05-05-2016 10:16 AM - edited 05-05-2016 10:43 AM
I tried to run cluster analysis using the following code,but in the work.tree data, some of the ID (DUPI) were replaced with blanks.
proc aceclus data=cluster.data_cluster_with_trajactory out=Ace p=.03 noprint; var betting_days count_game_types mean_wager sites_wagered sum_wager total_bet_times total_times_over_days ; run; ods graphics on; proc cluster data=Ace method=ward ccc pseudo print=15 out=tree plots=den(height=rsq); id DUPI; var can1-can7; run; ods graphics off;
I also got the warnings as below:
WARNING: Ties for minimum distance between clusters have been detected at 37734 level(s) in the cluster history.
WARNING: The MAXPOINTS option value 200 is less than the number of clusters (44887). This may result in a dendrogram that
is difficult to read. The dendrogram will not be displayed. You can use the PLOTS(MAXPOINTS=) option in the PROC
CLUSTER statement to change this maximum.

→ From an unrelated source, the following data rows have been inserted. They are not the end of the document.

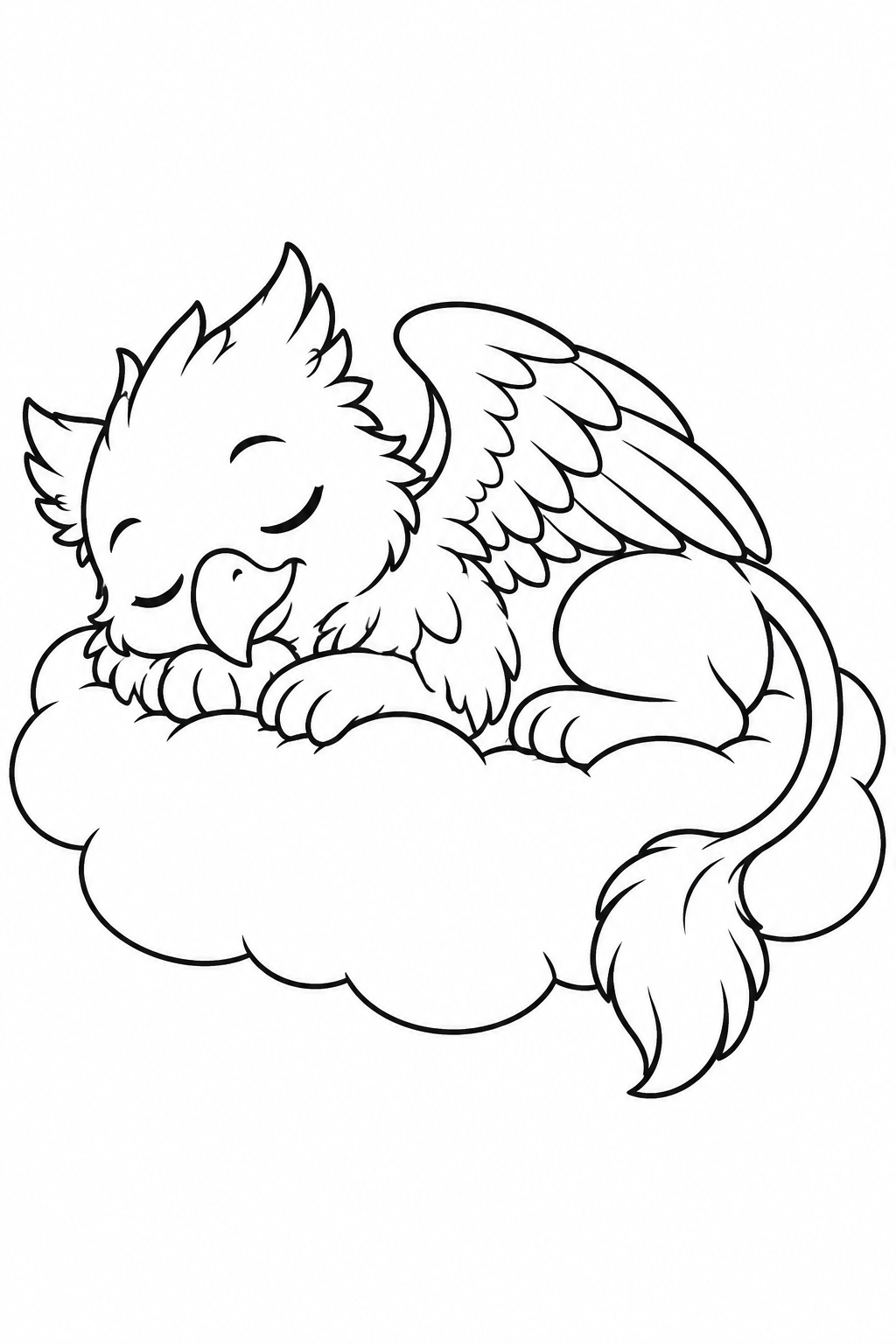 A gentle baby griffin sleeps on a fluffy cloud with its wings folded.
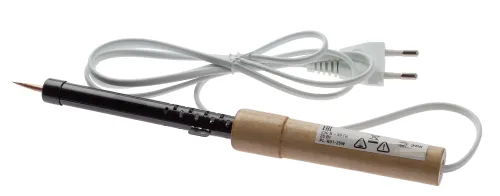 Паяльник электрический ЭРА PL-R01-25W ЭПСН с прямым клином и деревянной рукояткой, 25Вт 230В, нагрев за 540с, Б0046951 / электроинструмент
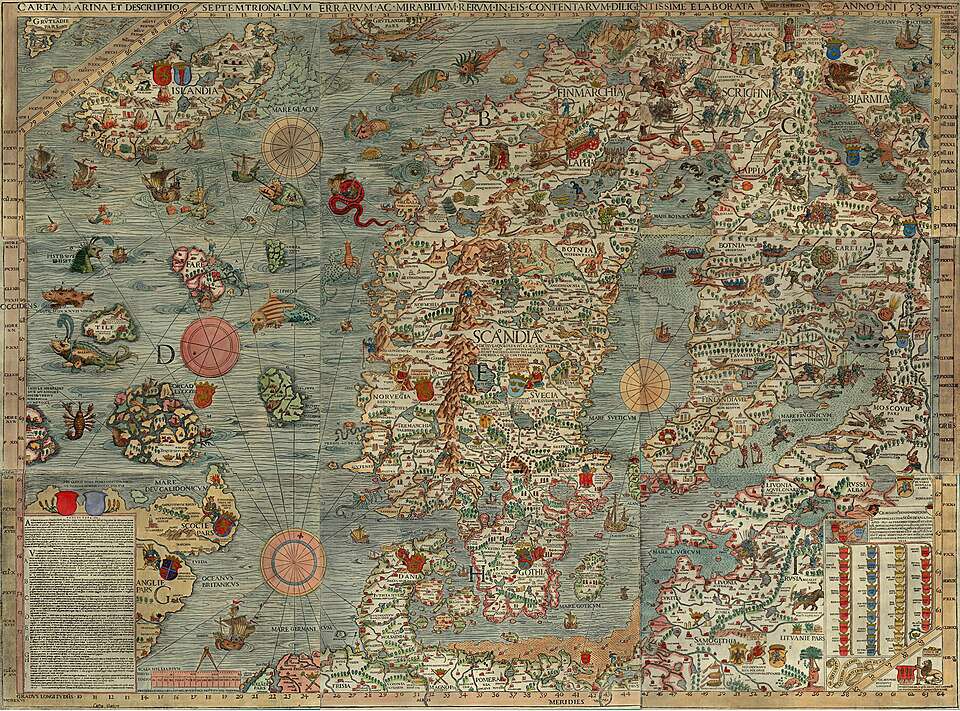 Sjøkartet Carta marin laget og illustrert av Olaus Magnus og viste dNorden, trykt i Venezia 1527-1539. Wikimedia Commons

NOTE: The data set WORK.TREE has 89773 observations and 21 variables.
any hints and suggestions? Thank you.
05-05-2016 10:46 AM
All the variables are heavily positively skewed. I will do log transform and try again. Maybe this can make somem difference
Maybe I should use fastclus, which is for k-means clustering, and Cluster is for hierarchical clustering. Am I correct?